Changing energy policy is to blame for a dramatic drop in deals and drilling in the UK North Sea, a new report from Deloitte claims today.
Seven exploration wells were drilled on the UK Continental Shelf in the second quarter of 2014, significantly lower than the 12 drilled in the previous quarter and the 17 in the second quarter of 2013.
The number of deals halved to five compared to the first three months of the year, the report added.
The North Sea’s reserves have diminished since the oil boom of the 1970s and those remaining are harder and more expensive to extract.
In a bid to boost its fortunes, the government commissioned oil veteran Sir Ian Wood to undertake a report on how to maximise the area’s reserves.
The report claims its recommendations could add £200bn to the economy over the next 20 years.
Last Monday, the Treasury launched a review into the UK oil and gas tax regime, amid industry claims that lofty rates were deterring investors.

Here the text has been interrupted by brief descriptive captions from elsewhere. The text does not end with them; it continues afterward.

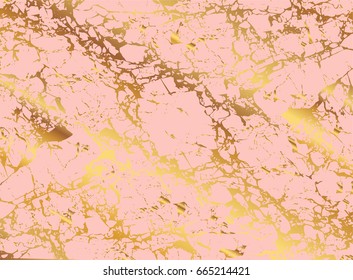 Vector image of elegant pink marble texture with golden shiny streaks. 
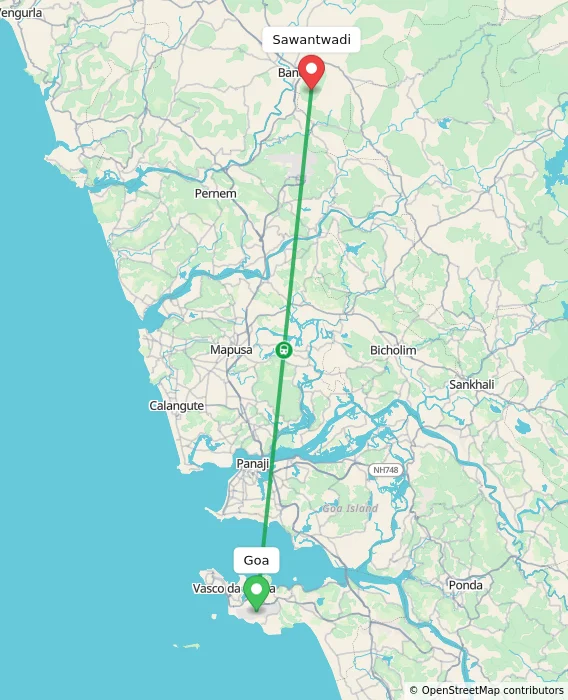 Route map showing distance and travel time from Goa, India to Sawantwadi, India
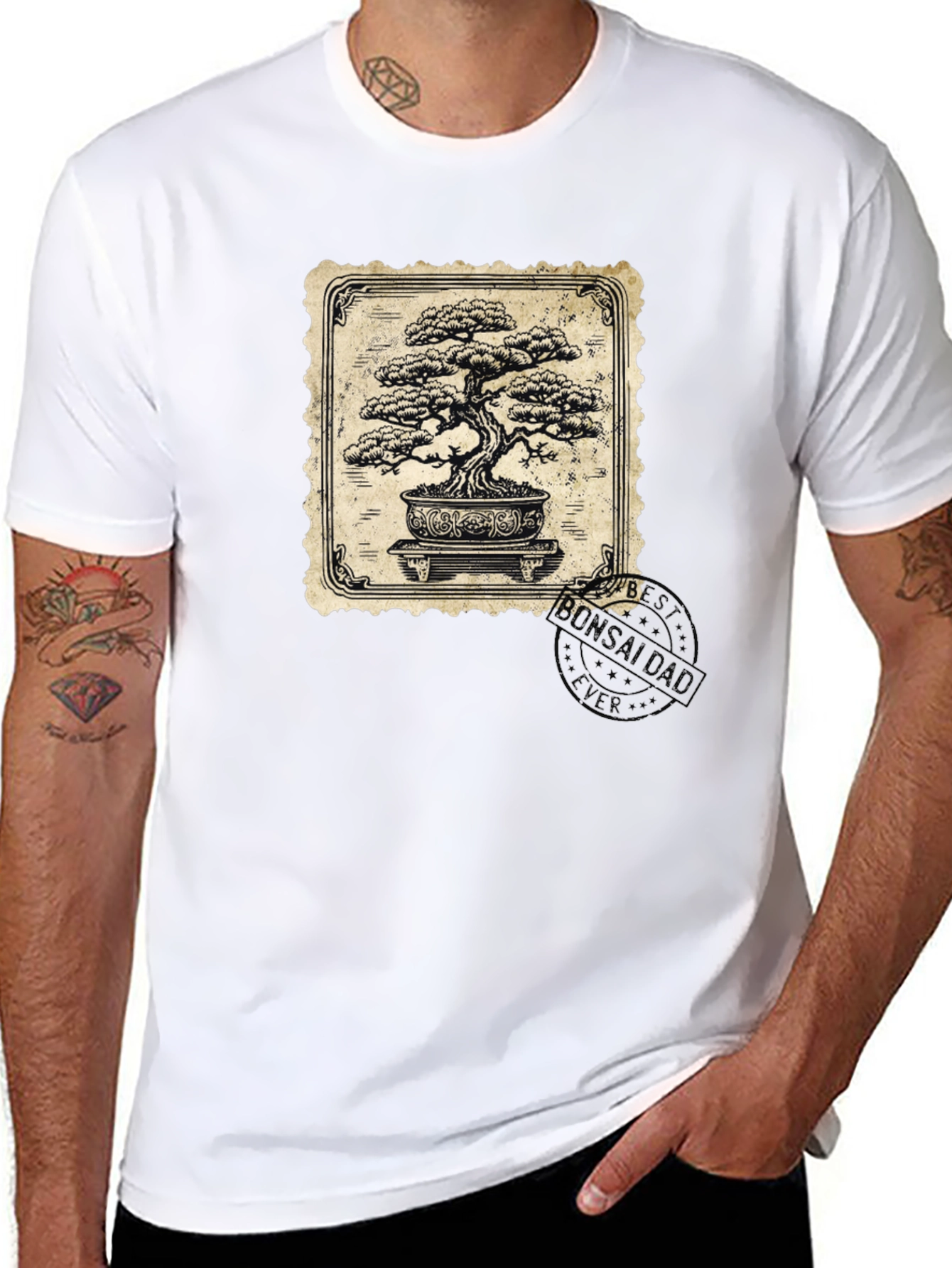 Bonsai Tree Graphic Tee - Classic Stamp Style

“There were many recommendations made in Sir Ian Wood’s final report, and it’s likely that the industry could be pausing until it has a better understanding of the impact of these, and the effect on the long term future of the North Sea, before making any big investment decisions,” said Derek Henderson, senior partner at Deloitte. “In addition, with the fiscal regime under review, it’s quite likely that the industry will be waiting until there is a bit more clarity over how this will take shape.”
Government policy also came under attack from big six supplier Npower yesterday, after energy secretary Ed Davey told a CBI conference that £10m would be available this year to pay businesses in return for reducing their energy consumption.
“With new [reforms] expected to come into force on 1 August, it is concerning that business leaders still feel uncertain about the potential impact… on their energy bills,” said Npower’s head of industrial and commercial Wayne Mitchell.